I imported the following modules:

import tensorflow as tf
import tensorflow_datasets as tfds
from tensorflow.keras.optimizers import RMSprop

They used these versions of tf & tfds:

Tensorflow Version: 2.10.0 
Tensorflow_Datasets Version: 4.7.0+nightly (Note: This was what I got from Conda - 
                                            not a purposeful choice)

I downloaded the cats vs. dogs datasets directly from Kaggle, since there was some checksum error when I tried to download using the tf methods for downloading standard datasets. I ultimately had to remove some files that were deleted (!?) or were using CMYK color coding (!?), but there were fewer than 10 such images.

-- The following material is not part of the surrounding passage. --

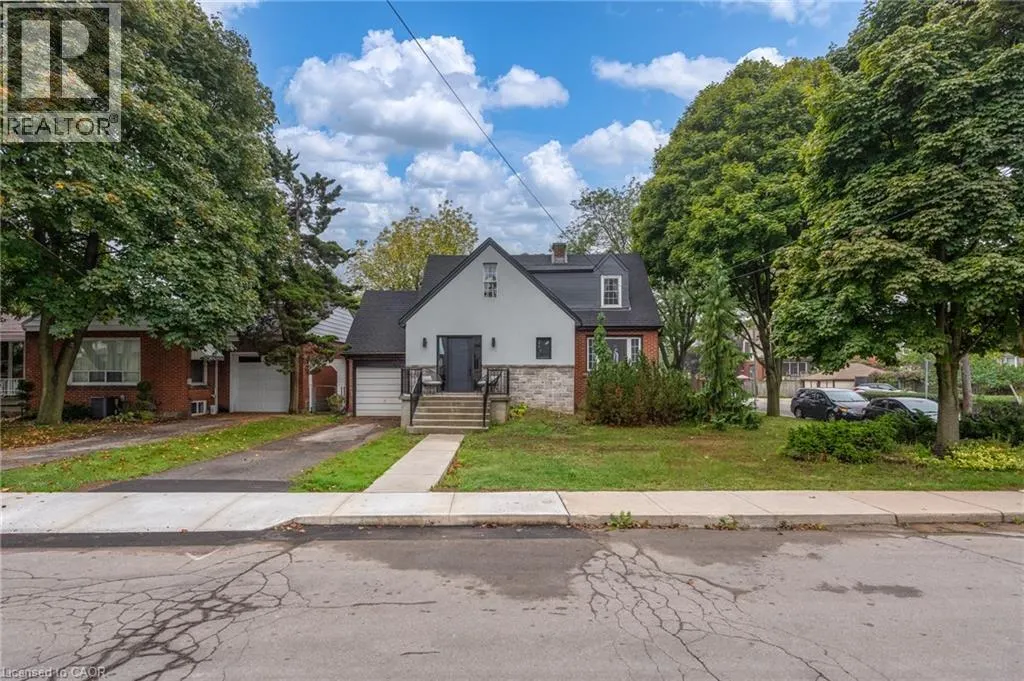 68 MOUNTAIN PARK Avenue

I constructed the datasets in this way:

builder = tfds.folder_dataset.ImageFolder('./cat_vs_dog/')
dataset = builder.as_dataset(split='train', shuffle_files=True)
d2 = builder.as_dataset(split='test', shuffle_files=True)

def preprocess(features):
   # Resize and normalize
   image = tf.image.resize(features['image'], (224, 224))
   return tf.cast(image, tf.float32) / 255., features['label']

# preprocess dataset
dataset = dataset.map(preprocess).batch(32)
d2 = d2.map(preprocess).batch(32)

The relevant factors from builder.info are:

tfds.core.DatasetInfo(
    features=FeaturesDict({
        'image': Image(shape=(None, None, 3), dtype=tf.uint8),
        'image/filename': Text(shape=(), dtype=tf.string),
        'label': ClassLabel(shape=(), dtype=tf.int64, num_classes=2),
    }),
    supervised_keys=('image', 'label'),
    disable_shuffling=False,
    splits={
        'test': <SplitInfo num_examples=2500, num_shards=1>,
        'train': <SplitInfo num_examples=22495, num_shards=1>,
    },
)

I constructed the Sequential model like this:

def seq_model():

  model = tf.keras.models.Sequential([ 
      tf.keras.layers.Conv2D(32, (3, 3), activation = 'relu', 
                             input_shape = (224, 224, 3)),
      tf.keras.layers.MaxPooling2D(2, 2),
      tf.keras.layers.Conv2D(64, (3, 3), activation = 'relu'),
      tf.keras.layers.MaxPooling2D(2,2),
      tf.keras.layers.Conv2D(128, (3, 3), activation = 'relu'),
      tf.keras.layers.MaxPooling2D(2, 2),
      tf.keras.layers.Conv2D(128, (3, 3), activation = 'relu'),
      tf.keras.layers.MaxPooling2D(2, 2),
      tf.keras.layers.Flatten(),
      tf.keras.layers.Dense(512, activation = 'relu'),
      tf.keras.layers.Dense(1, activation = 'sigmoid'),
  ])

  model.compile(optimizer = RMSprop(learning_rate = 1e-4),
                loss = 'binary_crossentropy',
                metrics = ['accuracy']) 
    

  return model
  
model = seq_model()
history = model.fit(dataset, validation_data=d2, epochs=10)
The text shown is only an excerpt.